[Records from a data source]
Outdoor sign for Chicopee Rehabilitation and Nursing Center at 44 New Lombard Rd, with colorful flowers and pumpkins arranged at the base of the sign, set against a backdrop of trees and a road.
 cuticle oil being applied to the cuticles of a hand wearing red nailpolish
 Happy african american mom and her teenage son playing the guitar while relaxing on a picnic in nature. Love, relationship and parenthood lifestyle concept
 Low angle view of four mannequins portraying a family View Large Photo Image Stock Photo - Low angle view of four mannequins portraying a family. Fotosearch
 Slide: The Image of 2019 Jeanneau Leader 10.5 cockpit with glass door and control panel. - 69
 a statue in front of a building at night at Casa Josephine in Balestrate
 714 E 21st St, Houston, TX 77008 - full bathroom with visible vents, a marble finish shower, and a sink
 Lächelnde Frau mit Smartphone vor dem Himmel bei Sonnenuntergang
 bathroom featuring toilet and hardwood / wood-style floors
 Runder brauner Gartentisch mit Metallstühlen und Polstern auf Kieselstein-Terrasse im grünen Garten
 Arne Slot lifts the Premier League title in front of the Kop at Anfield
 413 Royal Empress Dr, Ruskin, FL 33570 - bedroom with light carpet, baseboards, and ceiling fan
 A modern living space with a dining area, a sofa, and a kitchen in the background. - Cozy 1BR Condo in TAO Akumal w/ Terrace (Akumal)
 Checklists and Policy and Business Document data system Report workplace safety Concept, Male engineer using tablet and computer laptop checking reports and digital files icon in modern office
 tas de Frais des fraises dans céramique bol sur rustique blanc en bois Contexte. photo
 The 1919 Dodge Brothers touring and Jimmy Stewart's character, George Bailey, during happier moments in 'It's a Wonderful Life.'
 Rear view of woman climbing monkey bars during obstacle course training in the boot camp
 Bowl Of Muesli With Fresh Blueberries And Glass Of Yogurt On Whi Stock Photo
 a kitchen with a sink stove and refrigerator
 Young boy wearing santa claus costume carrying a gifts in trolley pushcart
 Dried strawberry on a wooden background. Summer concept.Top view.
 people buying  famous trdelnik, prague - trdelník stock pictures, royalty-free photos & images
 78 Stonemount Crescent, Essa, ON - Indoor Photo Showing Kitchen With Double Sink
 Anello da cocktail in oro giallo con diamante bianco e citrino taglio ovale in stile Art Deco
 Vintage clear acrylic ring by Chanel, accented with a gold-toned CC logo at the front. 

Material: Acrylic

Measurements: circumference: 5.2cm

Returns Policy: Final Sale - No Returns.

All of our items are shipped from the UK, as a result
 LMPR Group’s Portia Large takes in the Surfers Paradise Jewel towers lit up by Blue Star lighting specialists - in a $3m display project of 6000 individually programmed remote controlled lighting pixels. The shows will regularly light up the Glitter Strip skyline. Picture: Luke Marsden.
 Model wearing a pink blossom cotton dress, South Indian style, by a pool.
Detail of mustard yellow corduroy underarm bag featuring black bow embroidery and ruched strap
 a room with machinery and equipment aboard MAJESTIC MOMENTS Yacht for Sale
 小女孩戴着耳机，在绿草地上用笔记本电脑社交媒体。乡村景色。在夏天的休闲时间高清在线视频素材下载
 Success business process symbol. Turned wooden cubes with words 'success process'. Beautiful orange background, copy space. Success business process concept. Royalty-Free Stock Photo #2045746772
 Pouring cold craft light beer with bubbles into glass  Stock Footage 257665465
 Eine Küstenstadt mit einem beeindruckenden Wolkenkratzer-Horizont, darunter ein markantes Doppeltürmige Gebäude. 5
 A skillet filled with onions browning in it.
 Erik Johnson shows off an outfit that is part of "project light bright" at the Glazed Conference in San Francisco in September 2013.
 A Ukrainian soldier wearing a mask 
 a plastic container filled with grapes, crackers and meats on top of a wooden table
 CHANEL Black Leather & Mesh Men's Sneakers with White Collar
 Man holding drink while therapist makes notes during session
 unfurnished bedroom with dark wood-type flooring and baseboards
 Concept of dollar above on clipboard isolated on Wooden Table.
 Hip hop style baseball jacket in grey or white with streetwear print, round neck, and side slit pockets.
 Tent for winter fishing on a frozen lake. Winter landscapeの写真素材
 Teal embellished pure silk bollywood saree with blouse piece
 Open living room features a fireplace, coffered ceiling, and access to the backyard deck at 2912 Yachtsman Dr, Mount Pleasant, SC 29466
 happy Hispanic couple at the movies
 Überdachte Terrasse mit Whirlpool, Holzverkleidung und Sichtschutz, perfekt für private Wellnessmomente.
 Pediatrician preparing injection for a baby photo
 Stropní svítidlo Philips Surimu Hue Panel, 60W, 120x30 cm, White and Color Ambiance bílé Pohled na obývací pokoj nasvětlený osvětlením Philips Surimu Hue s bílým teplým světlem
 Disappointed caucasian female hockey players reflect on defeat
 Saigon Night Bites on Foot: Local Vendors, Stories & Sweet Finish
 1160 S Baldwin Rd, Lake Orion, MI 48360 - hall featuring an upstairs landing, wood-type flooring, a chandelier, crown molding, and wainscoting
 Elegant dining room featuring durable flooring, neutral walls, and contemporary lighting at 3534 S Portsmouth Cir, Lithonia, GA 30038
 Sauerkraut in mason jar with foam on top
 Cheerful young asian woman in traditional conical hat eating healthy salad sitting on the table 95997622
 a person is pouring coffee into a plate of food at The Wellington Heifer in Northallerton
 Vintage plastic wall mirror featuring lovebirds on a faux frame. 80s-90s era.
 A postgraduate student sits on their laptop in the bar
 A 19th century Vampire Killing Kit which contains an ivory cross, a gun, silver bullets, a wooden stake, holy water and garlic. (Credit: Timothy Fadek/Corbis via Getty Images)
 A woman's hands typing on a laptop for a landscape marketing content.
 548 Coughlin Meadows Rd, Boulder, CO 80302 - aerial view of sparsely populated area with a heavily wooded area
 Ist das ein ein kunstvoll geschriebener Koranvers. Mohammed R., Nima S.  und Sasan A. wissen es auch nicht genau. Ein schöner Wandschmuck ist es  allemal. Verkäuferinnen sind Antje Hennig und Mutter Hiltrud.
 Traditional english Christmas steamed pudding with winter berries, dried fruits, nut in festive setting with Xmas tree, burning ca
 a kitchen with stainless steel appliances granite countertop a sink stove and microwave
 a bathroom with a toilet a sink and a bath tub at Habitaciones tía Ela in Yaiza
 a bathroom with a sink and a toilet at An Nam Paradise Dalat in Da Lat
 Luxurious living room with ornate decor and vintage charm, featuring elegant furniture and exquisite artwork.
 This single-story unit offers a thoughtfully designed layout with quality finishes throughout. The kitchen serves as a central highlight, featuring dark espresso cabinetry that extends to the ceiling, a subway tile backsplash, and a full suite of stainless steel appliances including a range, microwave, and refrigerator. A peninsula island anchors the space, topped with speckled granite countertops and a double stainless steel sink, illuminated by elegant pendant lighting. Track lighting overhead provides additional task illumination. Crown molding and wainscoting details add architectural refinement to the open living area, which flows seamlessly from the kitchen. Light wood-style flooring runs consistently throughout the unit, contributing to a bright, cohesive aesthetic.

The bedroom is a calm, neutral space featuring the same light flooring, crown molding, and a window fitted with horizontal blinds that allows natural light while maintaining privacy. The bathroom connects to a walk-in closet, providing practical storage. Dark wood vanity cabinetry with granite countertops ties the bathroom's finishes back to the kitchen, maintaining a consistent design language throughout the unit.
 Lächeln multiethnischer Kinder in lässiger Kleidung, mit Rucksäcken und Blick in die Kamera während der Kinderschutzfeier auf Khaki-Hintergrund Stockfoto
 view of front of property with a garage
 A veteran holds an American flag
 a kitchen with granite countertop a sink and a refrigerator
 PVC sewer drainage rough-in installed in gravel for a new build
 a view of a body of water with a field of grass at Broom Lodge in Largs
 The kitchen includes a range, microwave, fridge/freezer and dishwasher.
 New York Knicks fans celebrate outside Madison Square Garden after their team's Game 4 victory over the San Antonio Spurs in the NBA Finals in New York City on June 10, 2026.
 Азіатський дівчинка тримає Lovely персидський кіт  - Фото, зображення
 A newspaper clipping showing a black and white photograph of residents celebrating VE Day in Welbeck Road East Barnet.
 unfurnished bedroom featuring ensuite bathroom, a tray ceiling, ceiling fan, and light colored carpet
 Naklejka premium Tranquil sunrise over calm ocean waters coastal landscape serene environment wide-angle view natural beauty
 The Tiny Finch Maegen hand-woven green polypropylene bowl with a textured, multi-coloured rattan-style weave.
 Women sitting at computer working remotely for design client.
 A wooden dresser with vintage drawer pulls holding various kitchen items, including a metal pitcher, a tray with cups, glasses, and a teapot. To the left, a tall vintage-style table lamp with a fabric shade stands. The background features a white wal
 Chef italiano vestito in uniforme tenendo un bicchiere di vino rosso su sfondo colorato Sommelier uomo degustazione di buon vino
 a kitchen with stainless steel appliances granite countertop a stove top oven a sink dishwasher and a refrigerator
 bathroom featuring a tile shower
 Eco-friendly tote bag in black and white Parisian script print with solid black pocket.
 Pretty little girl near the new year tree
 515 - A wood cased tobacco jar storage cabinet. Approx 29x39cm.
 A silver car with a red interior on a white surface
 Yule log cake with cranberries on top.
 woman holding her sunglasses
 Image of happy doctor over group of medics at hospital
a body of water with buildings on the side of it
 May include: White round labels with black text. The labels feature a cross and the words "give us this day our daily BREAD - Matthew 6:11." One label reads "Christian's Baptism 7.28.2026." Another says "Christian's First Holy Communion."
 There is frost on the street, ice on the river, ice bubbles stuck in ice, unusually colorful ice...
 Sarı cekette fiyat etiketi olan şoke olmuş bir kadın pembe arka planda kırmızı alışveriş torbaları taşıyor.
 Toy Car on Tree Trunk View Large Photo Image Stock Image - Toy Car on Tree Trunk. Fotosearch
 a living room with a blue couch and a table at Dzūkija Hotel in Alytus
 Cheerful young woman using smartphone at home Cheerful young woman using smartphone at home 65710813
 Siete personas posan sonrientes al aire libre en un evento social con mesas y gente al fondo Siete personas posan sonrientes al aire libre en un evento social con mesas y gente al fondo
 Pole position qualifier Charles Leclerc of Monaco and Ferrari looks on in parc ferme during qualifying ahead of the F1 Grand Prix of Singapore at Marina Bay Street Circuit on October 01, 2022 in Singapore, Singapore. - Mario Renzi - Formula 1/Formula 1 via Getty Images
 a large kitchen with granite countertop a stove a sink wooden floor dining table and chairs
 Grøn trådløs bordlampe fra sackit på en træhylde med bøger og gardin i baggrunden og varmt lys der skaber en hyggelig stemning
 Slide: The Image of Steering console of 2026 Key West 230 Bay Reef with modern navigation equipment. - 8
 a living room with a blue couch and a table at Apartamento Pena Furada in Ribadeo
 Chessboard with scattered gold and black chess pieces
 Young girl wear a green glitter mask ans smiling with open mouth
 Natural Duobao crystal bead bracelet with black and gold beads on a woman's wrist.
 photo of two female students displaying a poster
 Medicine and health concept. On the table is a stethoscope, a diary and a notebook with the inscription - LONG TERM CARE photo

*Exercise aim*. In the entries above, restate word for word the lines between the one holding "Model wearing a" and the one holding "a room with", inclusive, and nothing besides.

*Response to this task*.
 Model wearing a pink blossom cotton dress, South Indian style, by a pool.
Detail of mustard yellow corduroy underarm bag featuring black bow embroidery and ruched strap
 a room with machinery and equipment aboard MAJESTIC MOMENTS Yacht for Sale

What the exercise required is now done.